As soon as the first signs of fading paint and cracked surfaces appear, contact the professionals at United Home Experts. They carry a wide selection of paints and can give you more detailed advice on selecting the best paint protection for your home.
Preparing a surface for paint makes the difference between a quality, lasting exterior and a shoddy one. The result of an unattractive, short-lived painted exterior is not the fault of the paint itself but rather the failure of the paint to adhere to the surface. The paint had no chance of adhesion because it was applied over a dirty, greasy, peeling surface.
Before starting preparation, a major consideration in preparing and painting an exterior surface is when the work should be done. When painting an exterior, the temperature of the surface to be painted should be greater than 50°F and less than 90°F. This means that homeowners in areas of the country such as New England have a rather slim window of opportunity to carry out the exterior paint preparation and repainting project.

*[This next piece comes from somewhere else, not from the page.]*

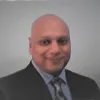 Nitin Gupta
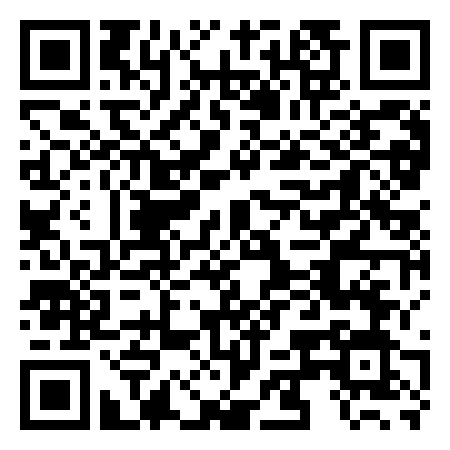 QR Code de Asia's botanic garden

Preparing the Environment for Exterior Paint Preparation
Surrounding landscape plantings, barbecue grills and other nearby objects must be protected from paint chips and spatters as well as the chemicals in cleaning solutions and paint strippers:
- Turn off all electrical power and gas fuel suppliers that connect to outside objects.
- Cover them with canvas.
- Pull any tall bushes near the home away from the structure with ties. Stake the ties so that the foliage does not touch any exterior surface.

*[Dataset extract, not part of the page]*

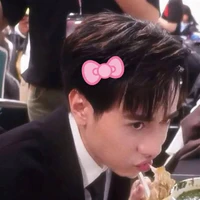 Lê Quang Hùng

- Remove exterior fixtures such as lighting, mailboxes and shutters.
- Patch, repair and repaint any trim that is to be reaffixed to the home’s exterior when the new paint is dry.
Removing Loose Paint
This chore will always include hand scraping and sanding. A power washer can also be used, but should only be operated by an experienced operator, as this tool can cause serious damage to an exterior if misused.

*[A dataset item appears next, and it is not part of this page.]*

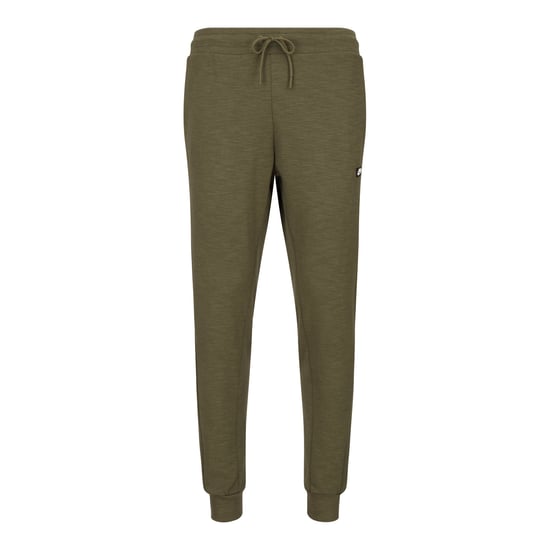 Nike Sportswear Men's Optic Full Zip Tracksuit, Olive - Image 4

On a dry surface, beginning with the loosest part of the peeling paint, scrape it off using one tool or a combination of a paint scraper, putty knife, heat gun, sandpaper and sanding block. On wood siding in particular, careful attention must be paid when scraping with any tool to avoid gouging the wood.
Sanding the Surface
Once all loose paint is gone, the surface must be sanded wherever the paint was removed, blending the harder edges with the sandpaper to make the surface as smooth as possible.
Cleaning the Surface
Now that all the scraping, sanding and environmental protection has taken place, it is time to thoroughly wash the exterior.
Remove screens, storm doors and windows and whatever is not to be painted.
With a solution of TSP and water, thoroughly wash the exterior with either a power washer set to the lowest pressure or a hose with a car wash brush attachment. Work from the top down. Rinse each cleansed section as completed with clean water.
At this point, homeowners residing in the New England states with the short span of weather conditions conducive to the proper paint preparation and repainting might want to consider getting help for this extensive project. The professional, experienced home remodeling team at United Home Experts has been doing quality work in the New England area to the satisfaction of many homeowners.
The Final Paint Preparation Stage: Drying and Caulking
- If the paint to be applied is latex, allow the exterior to dry at least a day.
- If it is an oil-based paint, allow at least a week before painting.
- Caulk any gaps around windows, doors, between siding, moldings; anywhere moisture can seep in.
With completion of these steps in paint preparation, the exterior paint that is finally applied will have a smooth, attractive appearance and will keep that look for many years with minimal maintenance.